Disassembling the binary only gives you the instruction sequencing if it is single threaded application (and not even that if there are many loops and branches dependent upon external inputs). In a multi-threaded or distributed application there is generally no way to enumerate all possible interleaved sequencing of events, particularly when those events may include hardware operation and error scenarios (such as patterns of packet loss).

Carefully choosing a range of inputs is hard, very hard, how do you determine in a complex system that you have selected enough variation, particularly taking into account all possible fault conditions and event sequencing. In a complex system just because input A gives output B when you ran it in test on your perfect network at 12:32pm doesn't prove that it will give output B on a real laggy network at 12:00am.

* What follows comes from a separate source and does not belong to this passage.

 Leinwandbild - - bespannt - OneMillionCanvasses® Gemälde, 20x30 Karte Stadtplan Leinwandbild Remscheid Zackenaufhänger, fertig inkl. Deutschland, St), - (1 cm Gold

You can't test all possible scenarios so you have to narrow down the set, based on the understanding of the code and platform and where the risk is perceived to be, of course with any risk based approach sometimes you get unlucky.

If code inspection was easy then this obviously means that code that has been reviewed won't introduce any bugs and work perfectly in the system. Experience shows even with thorough code review and test definition and multi layers of validations bugs still get through to the customer.

The simple fact is most computer software is too complex for a single person to fully maintain a mental model of how it works and all the possible interactions and knock on effects of changes. Modularization and clear specification helps mitigate some of this, though that can actually sometimes be where the security or resilience holes appear.